→ WHAT IS BEING ASKED: In the listing below, find the line that contains "Hoekreinigingsborstel - Voegenborstel" and the line that contains "map of restaurants, bars, coffee". Quote both and every line between them, exactly, and nothing more.

→ DATASET EXTRACT:
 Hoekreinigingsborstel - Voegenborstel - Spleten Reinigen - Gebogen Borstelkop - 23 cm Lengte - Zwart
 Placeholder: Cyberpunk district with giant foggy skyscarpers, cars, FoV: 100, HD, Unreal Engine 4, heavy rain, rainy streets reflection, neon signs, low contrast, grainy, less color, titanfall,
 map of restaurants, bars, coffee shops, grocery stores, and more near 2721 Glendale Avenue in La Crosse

...

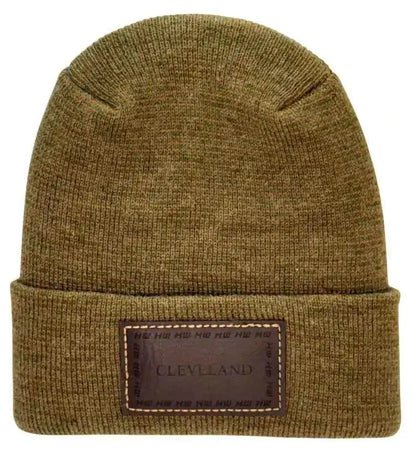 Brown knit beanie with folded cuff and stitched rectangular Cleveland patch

→ ANSWER TO THE EXERCISE:
 Hoekreinigingsborstel - Voegenborstel - Spleten Reinigen - Gebogen Borstelkop - 23 cm Lengte - Zwart
 Placeholder: Cyberpunk district with giant foggy skyscarpers, cars, FoV: 100, HD, Unreal Engine 4, heavy rain, rainy streets reflection, neon signs, low contrast, grainy, less color, titanfall,
 map of restaurants, bars, coffee shops, grocery stores, and more near 2721 Glendale Avenue in La Crosse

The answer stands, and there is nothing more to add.